Kazutomo Karasawa (éd. et trad.), The Old English Metricall Calendar (Menologium)

Bernardo Santano Morano
Traduction de Philippe Paquant
p. 84-86
Référence(s) :

Kazutomo Karasawa (éd. et trad.), The Old English Metricall Calendar (Menologium), Cambridge, D.S. Brewer (Anglo-Norman Texts, 12), 2015.

Texte intégral

1Le « Calendrier métrique anglo-saxon » ou Menologium, comme il est traditionnellement connu, est un poème anonyme de 231 vers en allitération conservé dans le manuscrit Cotton Tiberio B.i. de la British Library. Cette œuvre n’a pas bénéficié de l’attention critique que mérite un texte de cette nature, car les études qui se sont intéressées à son analyse sont peu nombreuses. La nouvelle monographie de Kazutomo Karasawa, auteur au demeurant d’une édition soignée du poème et d’une élégante version en prose et en anglais moderne, vient remédier d’une manière exemplaire cette longue carence d’études sur le Menologium. En effet, depuis la première publication par George Hickes (1703), le texte a été édité à 17 reprises, au cours des xixe et xxs., mais cela ne veut pas dire que les nombreuses questions textuelles et les interprétations que pose le poème ont été résolues. K. Karasawa souligne qu’il demeure encore un large champ d’études à mener sur la nature de cette œuvre et ses sources, ainsi que sur d’autres textes analogues, en plus des aspects relatifs à la structure et au contenu du poème.

2Le manuscrit Cotton Tiberius B.i est un beau codex dont le contenu, grâce aux magnifiques services de la British Library, peut être consulté sur internet avec des images de haute qualité. Le volume rassemble une série de textes parmi lesquels on trouve une version en anglo-saxon de l’œuvre de Paulus Orosius (375-418), Historiarum Adversum Paganos Libri VII ; le Menologium, objet de l’étude de K. Karasawa ; le poème de genre gnomique connu sous l’appellation « Maximes » (Maxims II), enfin la « version C » ou « Chronique de Abingdon II » de la Chronique anglo-saxonne.

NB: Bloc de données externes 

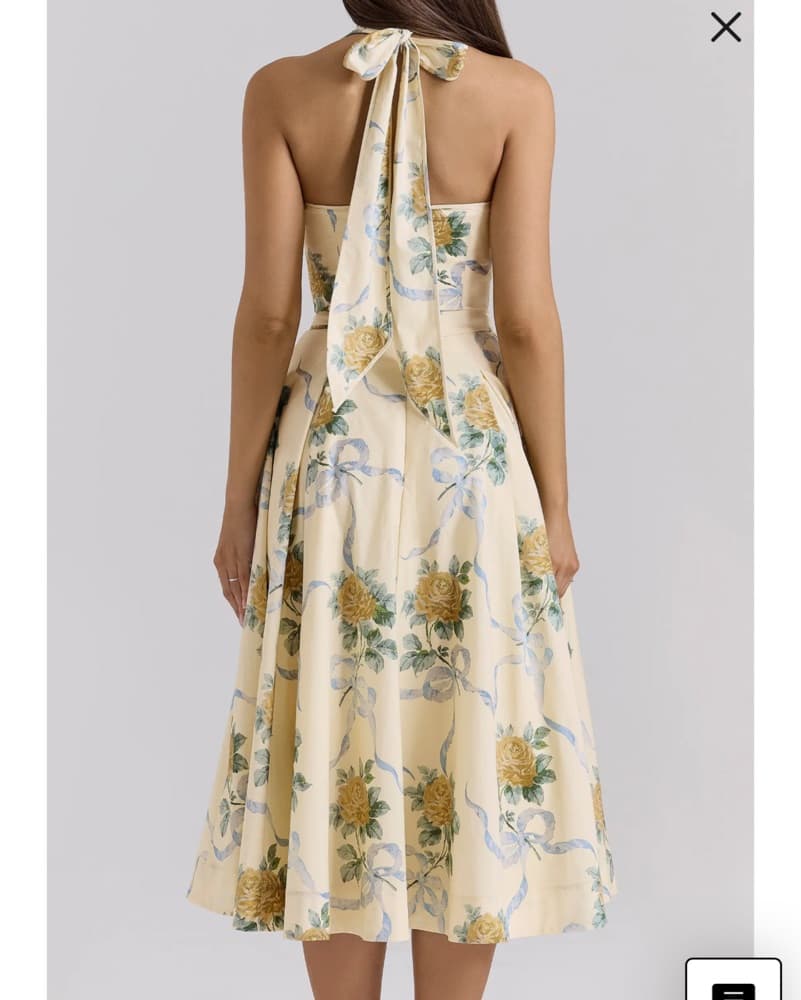 House of CB Allena Floral Dress - Image 2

3L’analyse de K. Karasawa porte sur l’édition et la traduction du « Calendrier métrique anglo-saxon » (Menologium), un texte qui renvoie d’évidents échos de l’Hymne de Caedmon (Caedmon’s Hymn) et de la poésie chrétienne épique ; mais avant cela l’A. réalise une étude détaillée de plusieurs questions dont celle de l’usage du terme Menologium en tant que partie du titre. Cet aspect est de taille puisqu’il a suscité une controverse parmi les critiques. K. Karasawa résout correctement la question non seulement parce qu’il suit la tradition, mais aussi parce qu’il existe des raisons sémantiques qui justifient de le garder ainsi.

4L’histoire de l’édition du poème est étudiée de manière exhaustive puisqu’elle se penche sur toutes les publications depuis la première de G. Hickes, déjà citée. K. Karasawa décrit les aspects les plus notables de ces éditions, aussi bien celles publiées que les inédites, et leurs traductions en anglais moderne et même une en italien. La version de ce texte ayant le plus d’autorité était jusqu’à présent celle de E. V. K. Dobbie, de 1942 ; cependant, à partir d’aujourd’hui, l’édition de référence sera sans aucun doute celle de K. Karasawa.

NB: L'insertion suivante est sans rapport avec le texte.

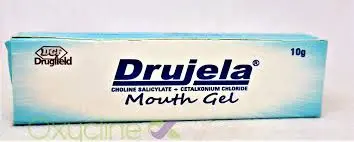 Drujela mouth gel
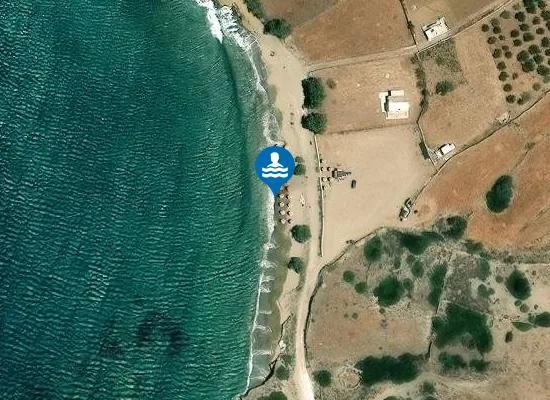Satellite image of Mavrospilia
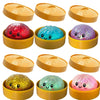 Glitter Dumpling Sensory Squishy Toy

5Il s’ensuit une description détaillée du contenu et des caractéristiques du manuscrit et l’A. attire l’attention sur le fait qu’aussi bien les « Maximes » que le « Calendrier métrique » (Menologium) semblent agir comme une sorte de préface au texte de la Chronique anglo-saxonne qui vient après.

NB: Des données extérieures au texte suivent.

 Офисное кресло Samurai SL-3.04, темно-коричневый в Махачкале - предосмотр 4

6En ce qui concerne les sources du poème, K. Karasawa signale qu’« il n’y a pas de preuve qui justifie que le Menologium soit une traduction, une versification, une paraphrase, un résumé ou une réélaboration d’une autre œuvre » (p. 15). Tout semble indiquer qu’il s’agit d’une œuvre de création, même s’il est évident que son auteur anonyme a consulté d’autres compositions de semblable nature liturgique. Ces textes analogues seraient une série de calendriers métriques latins, tels ceux de York, Hampson, Winchcombe, Ramsey et le Livre d’Heures de Pembroke. De la même façon, les calendriers métriques en vieil irlandais se distinguent, tout comme celui composé en anglo-saxon, pour être les seuls textes en vers sur ce thème conservés en langues vernaculaires du haut Moyen Âge (p. 21). Enfin, le dénommé Menologium en prose (transmis à travers deux versions) est, pour K. Karasawa, le texte le plus proche du Menologium en vers et celui-ci considère que les deux ont pu être fondés sur un même patron ou modèle.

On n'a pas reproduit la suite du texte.